Problem to work on
For the listing below, the answer is an exact retyping of the lines from the one with "Corner sample of" through the one with "Dewan Hotel 3*", both included, without pictures.
*** Material provided ***
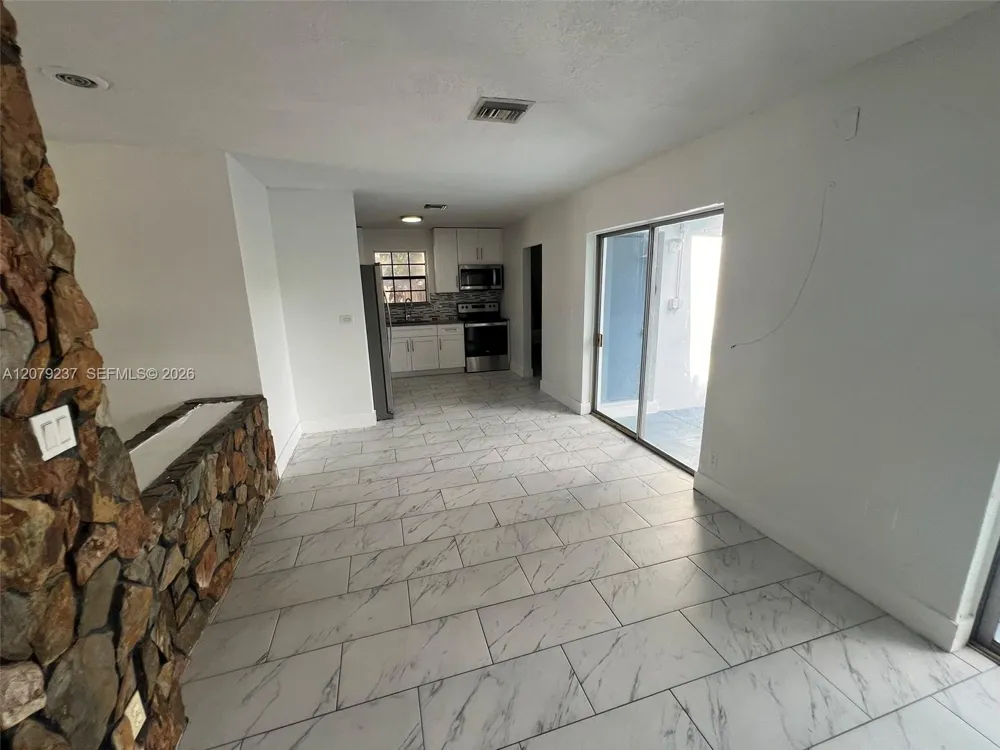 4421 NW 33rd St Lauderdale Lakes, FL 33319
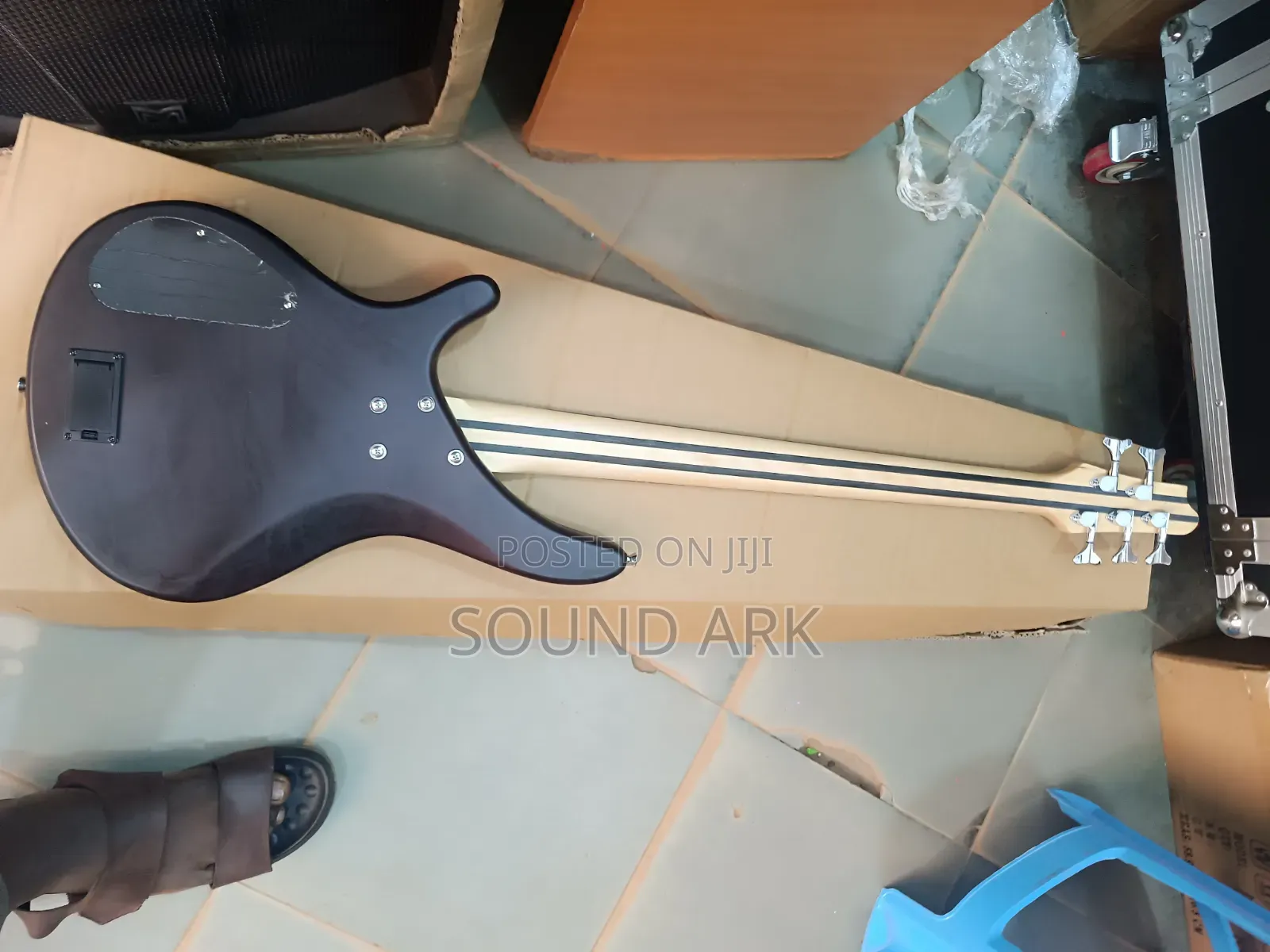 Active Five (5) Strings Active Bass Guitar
*** End of Material provided ***
*** Material provided ***
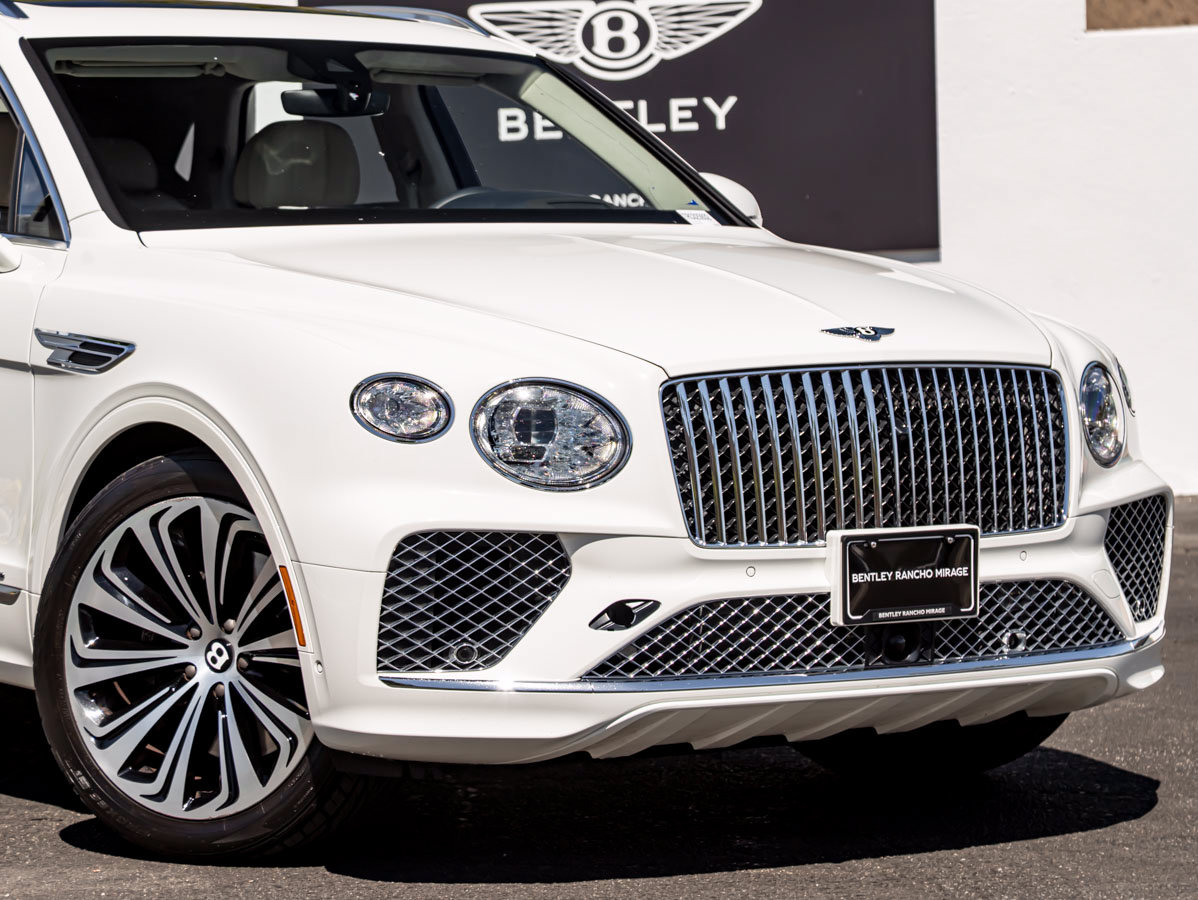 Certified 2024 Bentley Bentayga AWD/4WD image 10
*** End of Material provided ***
*** Material provided ***
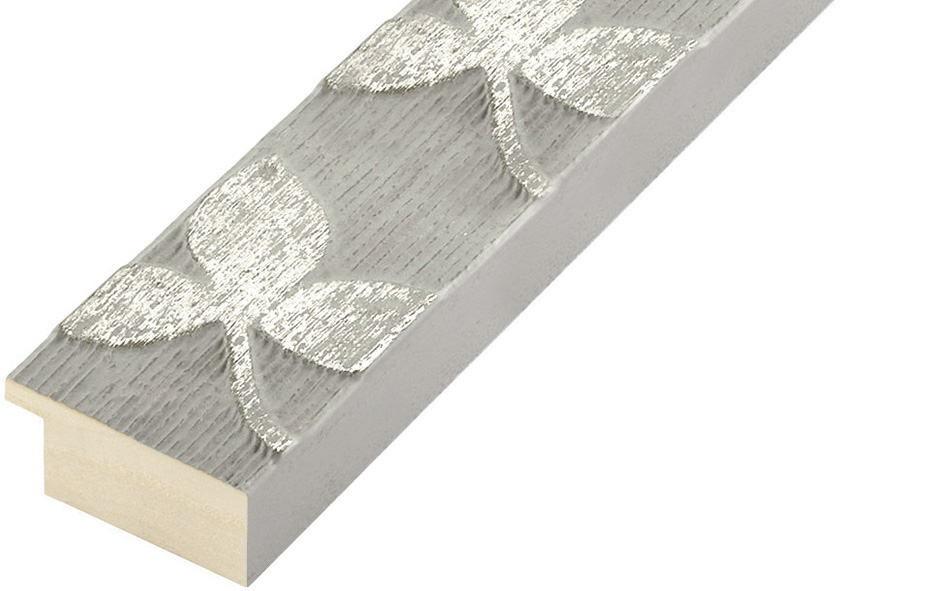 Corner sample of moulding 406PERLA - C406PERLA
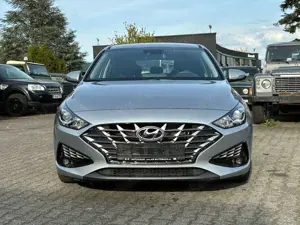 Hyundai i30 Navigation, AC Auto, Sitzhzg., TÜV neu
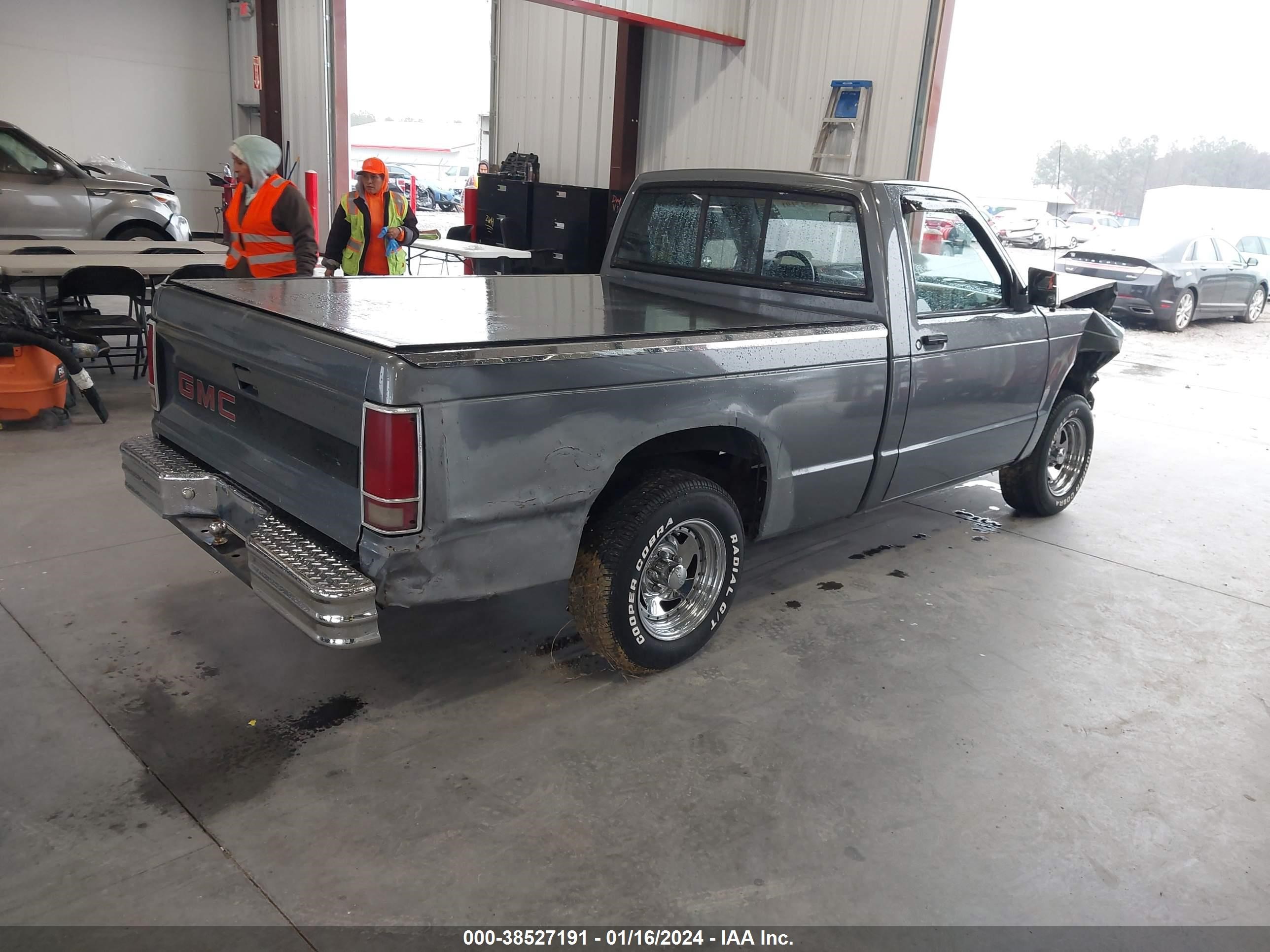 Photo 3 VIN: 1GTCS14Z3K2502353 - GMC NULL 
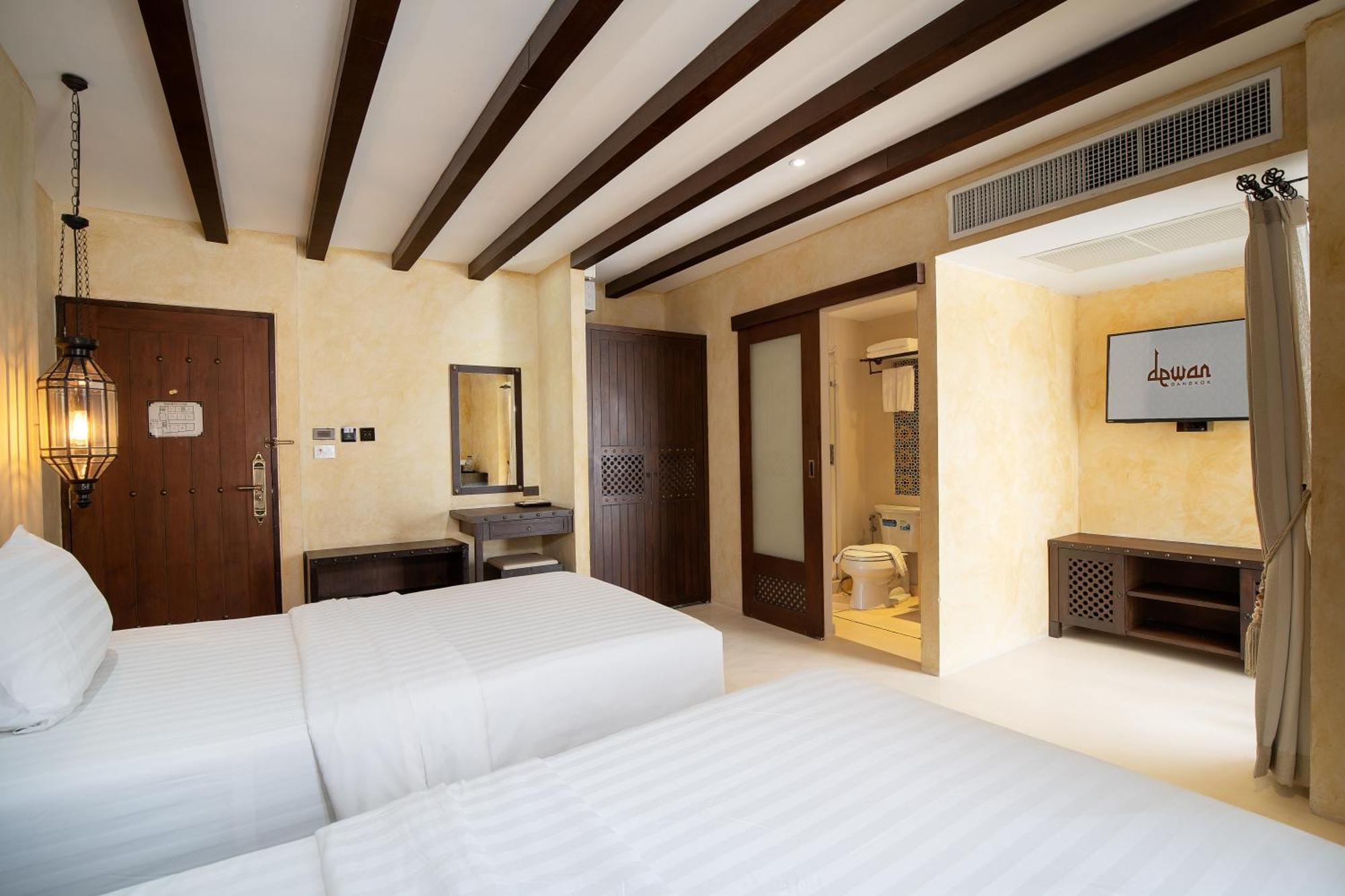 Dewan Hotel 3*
*** End of Material provided ***
Answer to this exercise
 Corner sample of moulding 406PERLA - C406PERLA
 Hyundai i30 Navigation, AC Auto, Sitzhzg., TÜV neu
 Photo 3 VIN: 1GTCS14Z3K2502353 - GMC NULL 
 Dewan Hotel 3*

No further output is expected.